Untuk pertama kalinya, pemanfaatan energi arus laut masuk dalam dokumen Rencana Usaha Penyediaan Tenaga Listrik (RUPTL) PLN periode 2025-2034.
Direktur Jenderal Energi Baru Terbarukan dan Konservasi Energi (EBTKE), Ir. Eniya Listiani Dewi, mengungkapkan bahwa langkah strategis ini diambil untuk mengoptimalkan kekayaan alam Indonesia sebagai negara kepulauan.
Dalam target jangka pendek, pemerintah memproyeksikan pembangkit listrik tenaga arus laut sebesar 0,04 GW atau setara dengan 40 Megawatt (MW).
“Ada laut, kita juga punya. Nah, ini target di RUPTL mulai muncul tahun ini. Jadi, mulai muncul pembangkit listrik tenaga arus laut untuk men-generate energi listrik nantinya,” ujar Eniya dalam keterangannya yang dihimpun dari Podcast Bukan Abuleke, Minggu (15/2/2026).
Sebagai langkah awal, proyek percontohan ini akan difokuskan di dua wilayah potensial, yakni Nusa Tenggara Barat (NTB) dan Nusa Tenggara Timur (NTT).
Masing-masing wilayah tersebut direncanakan mendapat alokasi pasokan sebesar 20 MW.
Langkah ini dinilai strategis mengingat karakteristik geografis wilayah Indonesia Timur yang memiliki banyak selat dengan arus laut yang kuat dan konsisten, menjadikannya sumber energi dasar (baseload) yang andal.

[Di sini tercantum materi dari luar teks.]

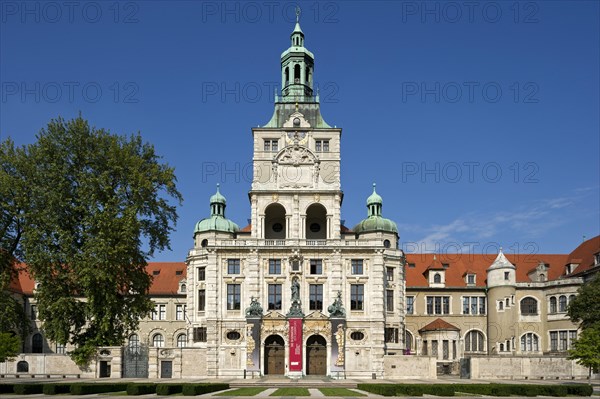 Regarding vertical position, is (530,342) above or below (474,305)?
below

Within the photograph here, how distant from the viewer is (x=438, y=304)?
89375 millimetres

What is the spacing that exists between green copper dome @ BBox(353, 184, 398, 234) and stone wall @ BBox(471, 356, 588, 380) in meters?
20.9

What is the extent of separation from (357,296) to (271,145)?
58.5 feet

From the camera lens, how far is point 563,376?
6694cm

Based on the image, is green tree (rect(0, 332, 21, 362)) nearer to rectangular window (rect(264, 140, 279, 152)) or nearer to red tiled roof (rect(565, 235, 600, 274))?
rectangular window (rect(264, 140, 279, 152))

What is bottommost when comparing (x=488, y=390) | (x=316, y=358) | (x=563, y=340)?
(x=488, y=390)

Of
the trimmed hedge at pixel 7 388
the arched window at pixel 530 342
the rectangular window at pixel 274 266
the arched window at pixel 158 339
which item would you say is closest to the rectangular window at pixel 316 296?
the rectangular window at pixel 274 266

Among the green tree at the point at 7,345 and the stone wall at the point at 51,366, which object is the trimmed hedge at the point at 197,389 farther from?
the stone wall at the point at 51,366

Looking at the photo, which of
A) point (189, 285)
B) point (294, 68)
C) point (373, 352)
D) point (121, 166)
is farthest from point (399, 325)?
point (121, 166)

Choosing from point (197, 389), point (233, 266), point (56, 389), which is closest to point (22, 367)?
point (233, 266)

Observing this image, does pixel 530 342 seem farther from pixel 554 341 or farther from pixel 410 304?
pixel 410 304

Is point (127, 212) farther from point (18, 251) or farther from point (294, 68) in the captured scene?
point (294, 68)

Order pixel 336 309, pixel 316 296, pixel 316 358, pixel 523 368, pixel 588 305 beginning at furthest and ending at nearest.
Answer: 1. pixel 316 296
2. pixel 316 358
3. pixel 336 309
4. pixel 523 368
5. pixel 588 305

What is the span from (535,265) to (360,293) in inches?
1189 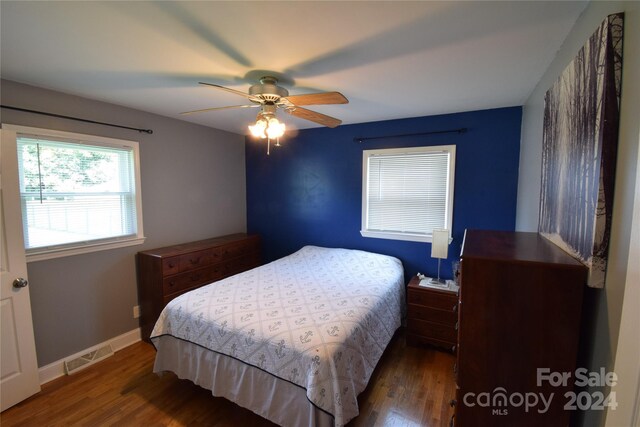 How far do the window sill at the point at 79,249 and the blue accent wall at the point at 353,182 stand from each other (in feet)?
5.68

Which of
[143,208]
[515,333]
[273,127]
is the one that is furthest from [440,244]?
[143,208]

Meski target awal dipatok pada angka 40 MW, Eniya menekankan bahwa total potensi energi laut Indonesia jauh lebih besar, yakni mencapai 63 Gigawatt (GW).
Selain energi laut, Indonesia juga memiliki modal besar dari sektor surya yang mencapai 3.600 GW.

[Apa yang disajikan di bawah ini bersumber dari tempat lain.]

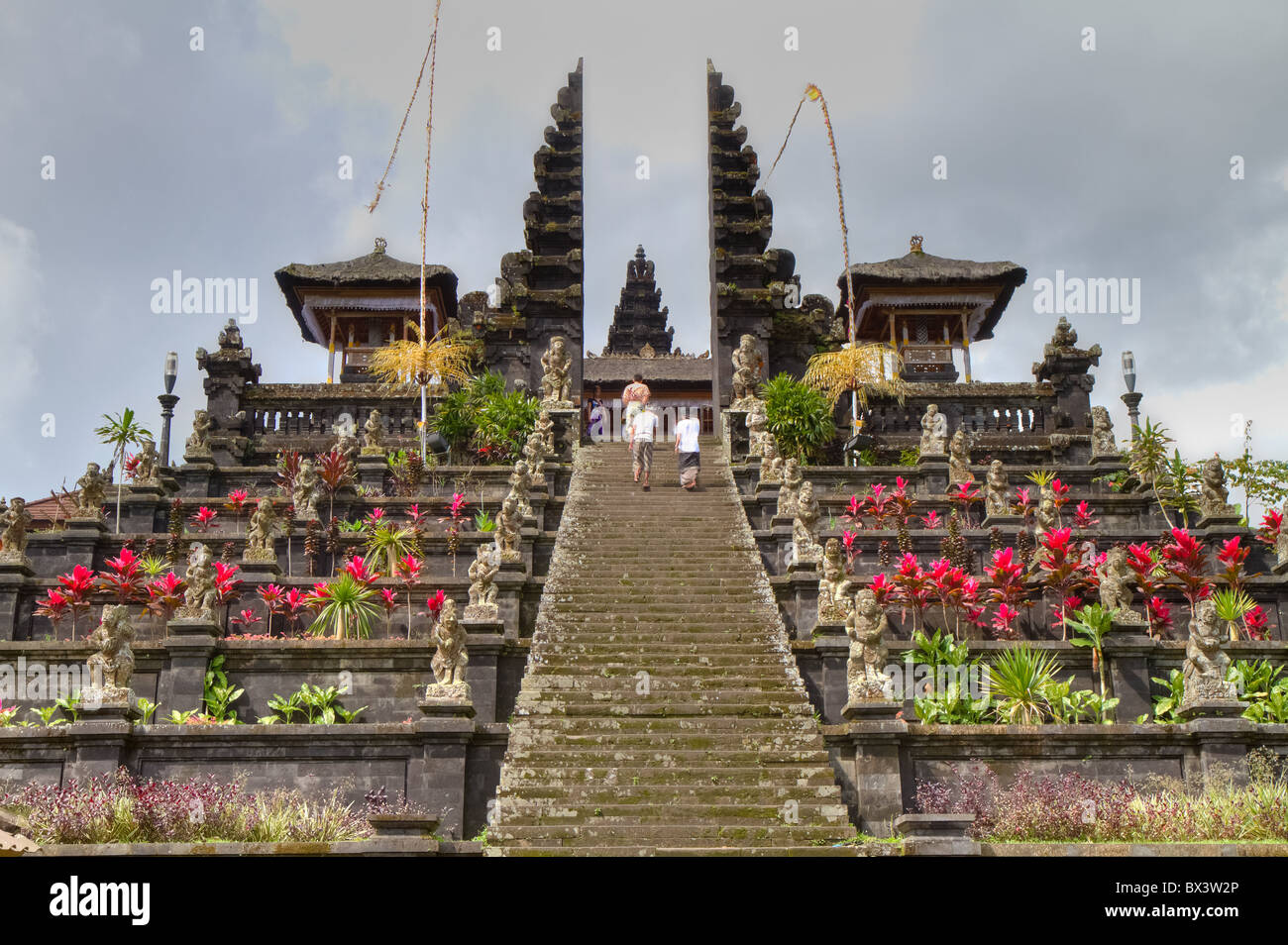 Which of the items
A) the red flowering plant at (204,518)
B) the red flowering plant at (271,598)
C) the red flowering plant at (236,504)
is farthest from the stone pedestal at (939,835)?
the red flowering plant at (204,518)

Pemerintah optimistis bahwa masuknya arus laut ke dalam RUPTL akan membuka pintu bagi investor global dan pengembangan teknologi domestik.
Jika dibandingkan dengan negara maju seperti Jerman yang hanya fokus pada surya dan angin, atau Belanda dengan hidro dan angin, Indonesia memiliki diversifikasi sumber energi hijau yang jauh lebih lengkap, termasuk panas bumi dan energi arus laut.
Integrasi energi arus laut ke dalam sistem kelistrikan nasional diharapkan tidak hanya mengurangi ketergantungan pada bahan bakar fosil, tetapi juga mendorong pemerataan ekonomi melalui penyediaan listrik bersih di daerah kepulauan.